→ EXERCISE PROMPT
Wherever a picture sits, omit it. Output the rest of the listing exactly.

→ INFORMATION SHOWN
▽
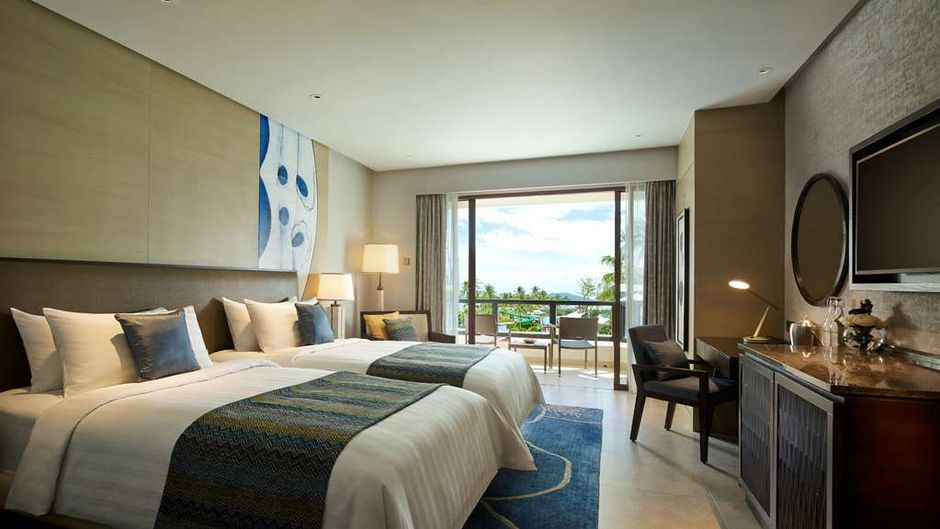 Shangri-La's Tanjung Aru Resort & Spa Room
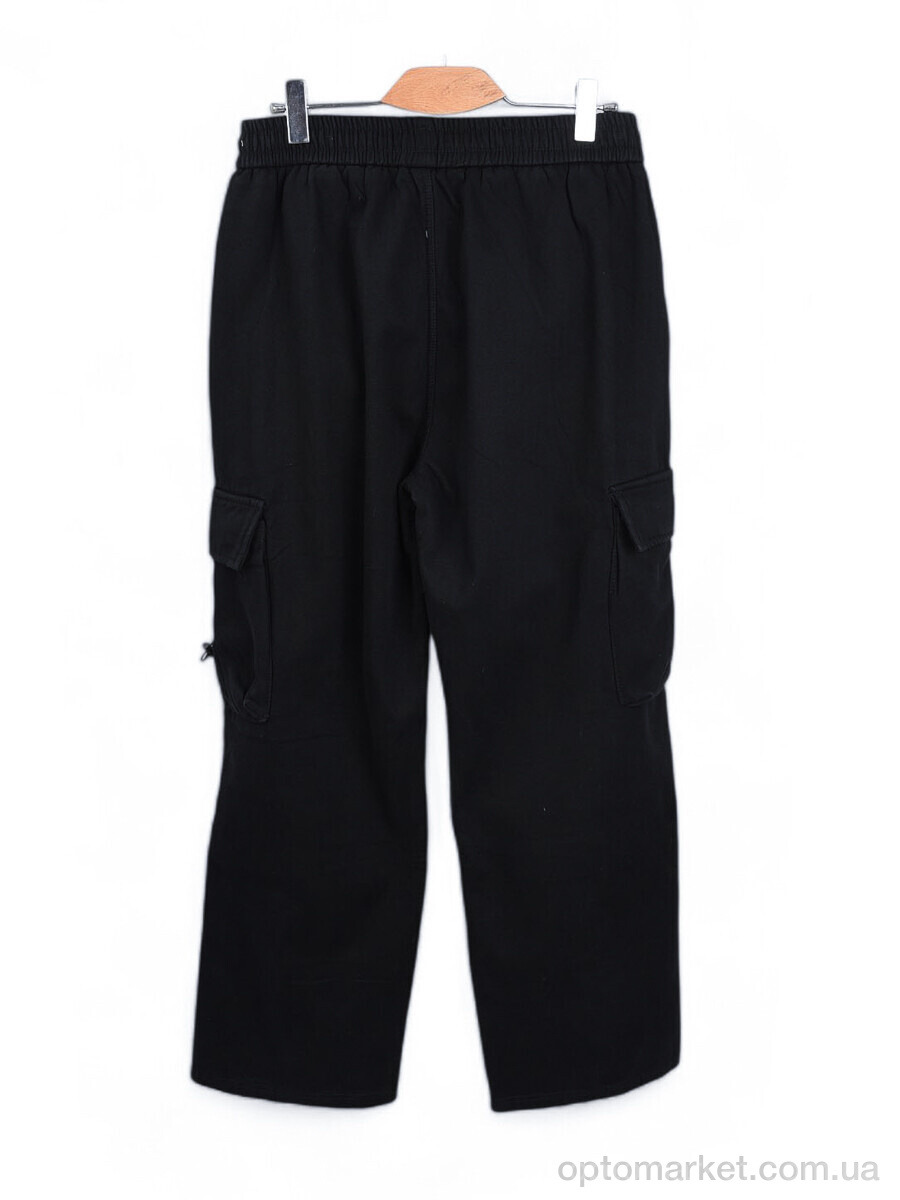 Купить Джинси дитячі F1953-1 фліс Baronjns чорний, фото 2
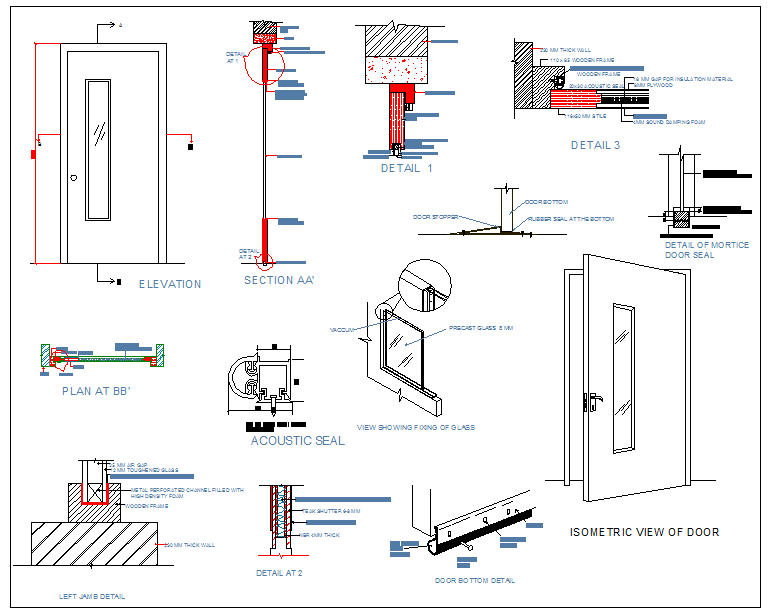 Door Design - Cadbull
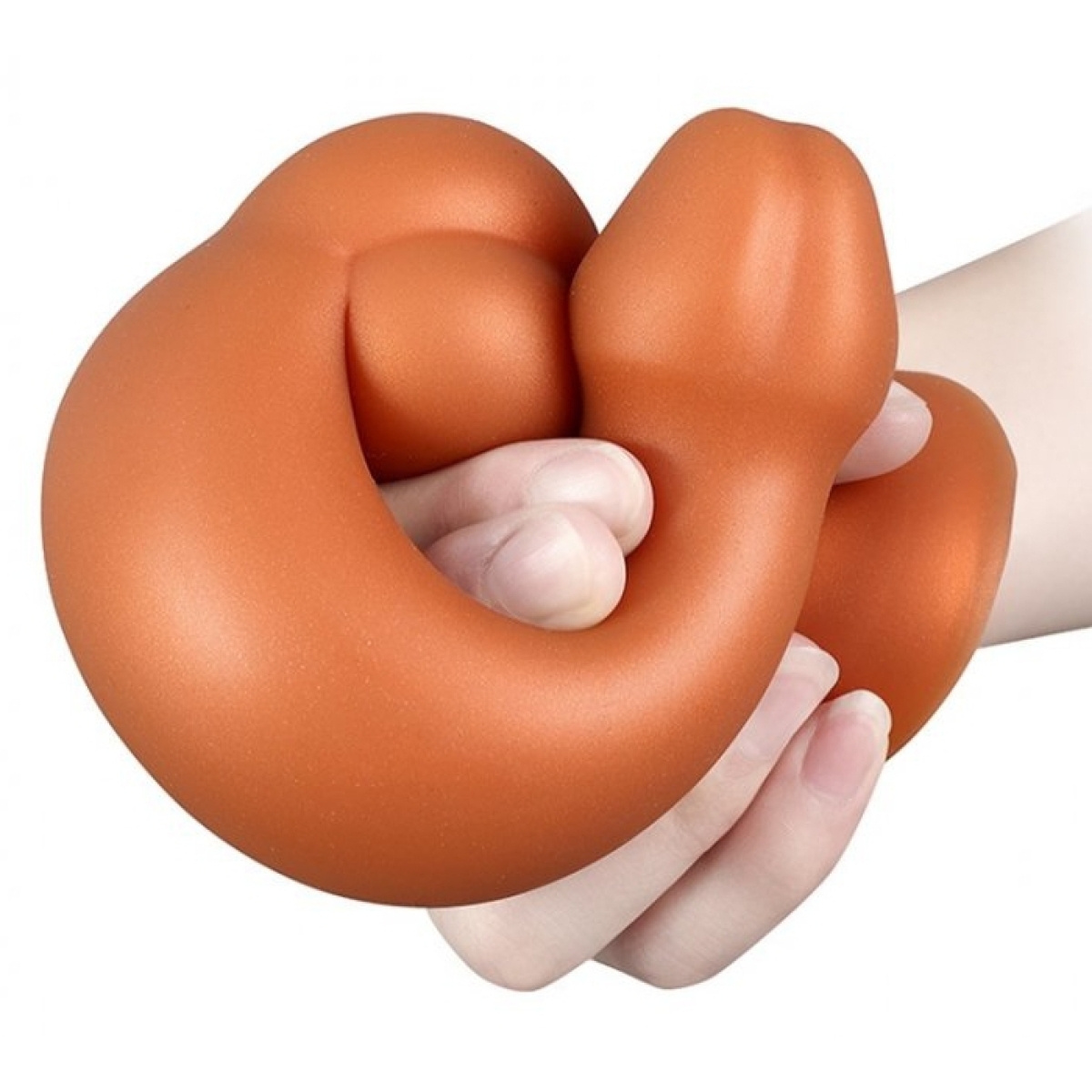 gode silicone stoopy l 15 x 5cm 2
△
→ YOUR RESPONSE
 Shangri-La's Tanjung Aru Resort & Spa Room
 Купить Джинси дитячі F1953-1 фліс Baronjns чорний, фото 2
 Door Design - Cadbull
 gode silicone stoopy l 15 x 5cm 2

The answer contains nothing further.